# Windows 8 WiFi problems



## rdownes94 (Nov 25, 2012)

Before Thanksgiving break everything was great then over break I went home and got Windows 8. At home the wifi works great but once I got back here it doesn't work anymore. I can only get internet if i use the wired connection.
How can I fix this?


----------



## rdownes94 (Nov 25, 2012)

Intel(R) Centrino(R) Wireless-N 1030


----------



## dustyjay (Jan 24, 2003)

Have you got the correct Passkey for the wireless network?


----------



## rdownes94 (Nov 25, 2012)

Yes for my university wireless network we each have a personal login, but it wont even let me try to login it just refuses to connect to the wireless network


----------



## rdownes94 (Nov 25, 2012)

When I try, I click on the wifi, it has full bars but it immediately say Can't connect to this network


----------



## rdownes94 (Nov 25, 2012)

The IT website for my school say something about 802.11n for mew Windows devices but I have no idea what that is.


----------



## dustyjay (Jan 24, 2003)

That is Wireless N


----------



## TerryNet (Mar 23, 2005)

Make sure you have the latest wireless driver *from the PC manufacturer's web site*. If you already have it reinstall it anyhow in case the installed instance is corrupted.
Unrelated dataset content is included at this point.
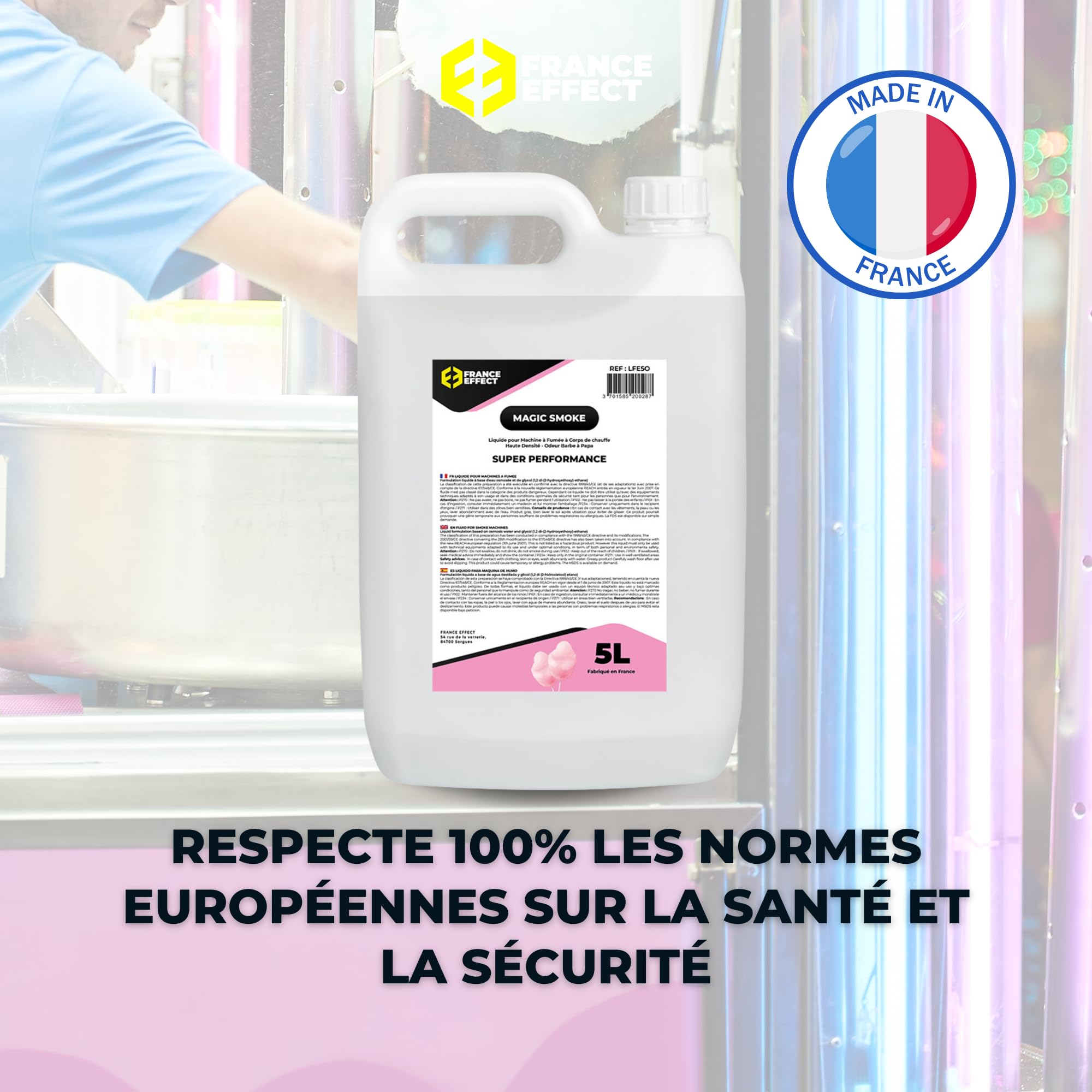 France Effect Magic Smoke® 5L Liquide à fumée parfumé à la barbe à papa - Liquide fumée haute densité pour les machines à fumée - Parfait pour les événements et les attractions - Fabriqué en France
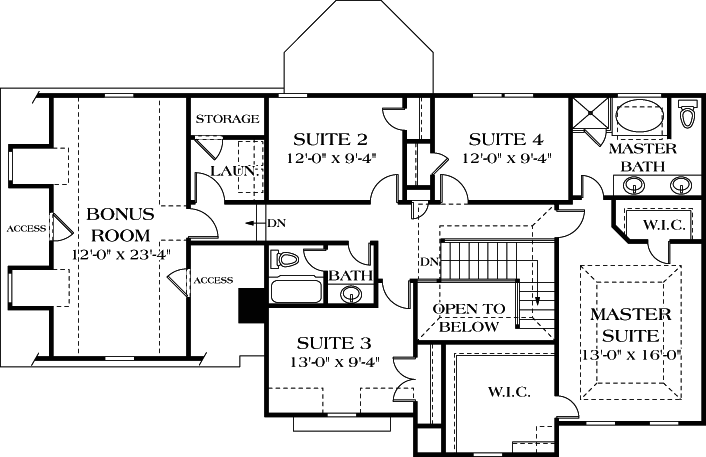 Upper/Second Floor Plan: 106-226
Please attach a screen shot of the Networks page (don't collapse the Radar, Connection or Signal History) of the Xirrus Wi-Fi Inspector. If you need help with that see TSG Posting a Screenshot. FWIW to take screen shots with Windows 7 or Vista I prefer to use the built-in Snipping Tool.

Indicate the network to which you are trying to connect and also show ...

Open a (black) Command Prompt window:
Hold the *Windows logo* key and press *r*; in the Run box type *cmd* and click on *OK*.

Type the following command:

*IPCONFIG /ALL*

[Note that there is no space between the slash and ALL.]

Right click in the command window and choose *Select All*, then hit *Enter*.
Paste the results in a message here.

If necessary use a text file and removable media to copy the results to a computer with internet access.


----------